A National Oceanic and Atmospheric Administration (NOAA) study found that an ethanol production plant in Illinois generated emissions higher than 30 times the government’s initial estimates. Further, the federal Environmental Protection Agency found that burning ethanol in vehicles also contributes to an increase in emissions. Specifically, the agency found that fuels containing 10 percent ethanol actually increase nitrogen oxide emissions. As a result, ozone concentrations are increasing in some states that are generating smog levels that put them at risk of violating current ozone standards by 2022.

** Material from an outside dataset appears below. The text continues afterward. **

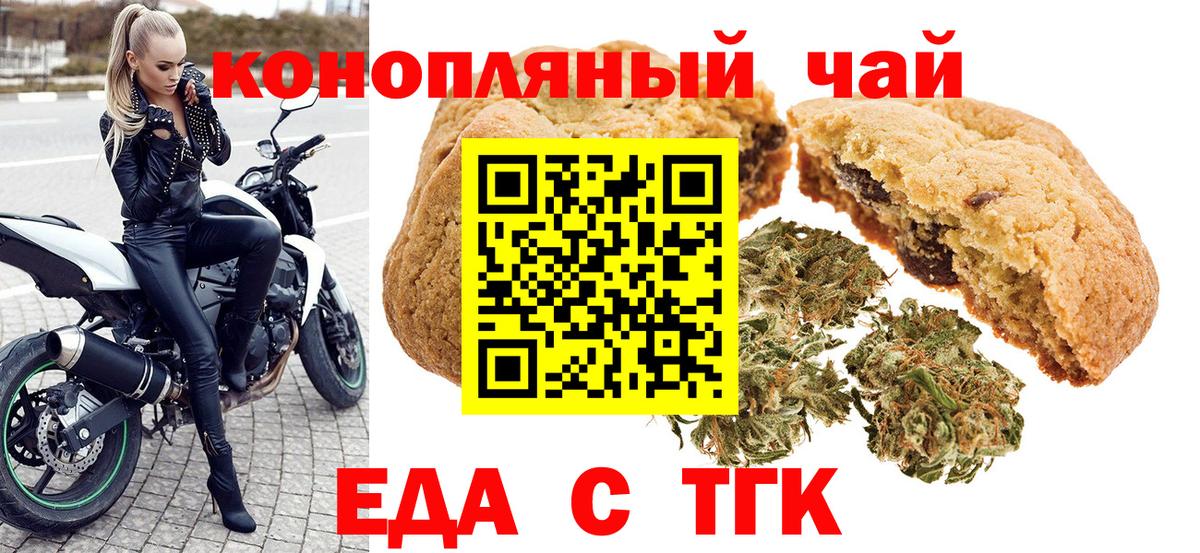 Cannafood конопля  Вход с VPN  Асино 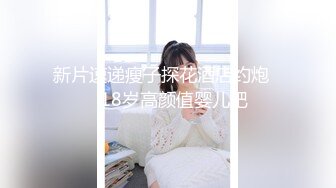 【新片速遞】坑闺蜜❤女舍友洗澡❤窗帘缝没拉上❤被偷拍拿去投稿卖钱[无水原版][754M/MP4/10:13]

The damage caused by the RFS does not stop at our air quality. In addition to directly disrupting the nation’s efforts to reduce emissions, mandating ethanol consumption is hurting consumers and many of us who rely on engines for our livelihood(s). With a third less energy efficiency than regular gasoline, manufacturers are increasing their fueling costs, because ethanol burns more quickly than regular gasoline.
Ethanol also damages engines. In fact, the EPA does not allow the use of gasoline blended with up to 15 percent ethanol in many vehicle engines, including vehicles with heavy-duty engines such as buses and delivery trucks, off-road vehicles such as snowmobiles and boats, or equipment such as lawnmowers and chain saws.
This hits Florida’s industries particularly hard. With more than 1,900 marine businesses and nearly 1,800 members of the Florida Nursery, Growers and Landscape Association, the costs of ethanol’s damages are insurmountable and are detrimental to large and small businesses alike.
As a member of the manufacturing community, I have seen businesses suffer as they shoulder the burden of the RFS and its ethanol mandate. We need to speak out against senseless policies like the RFS that not only hurt our environment but also our industries and our hardworking citizens.
As the National Manufacturing Month comes to a close, let’s help what makes our nation thrive and encourage our elected officials to reform RFS. We must work together to find solutions that help this great nation.
Ned Bowman is the executive director of the Florida Petroleum Marketers and Convenience Store Association. Column courtesy of Context Florida.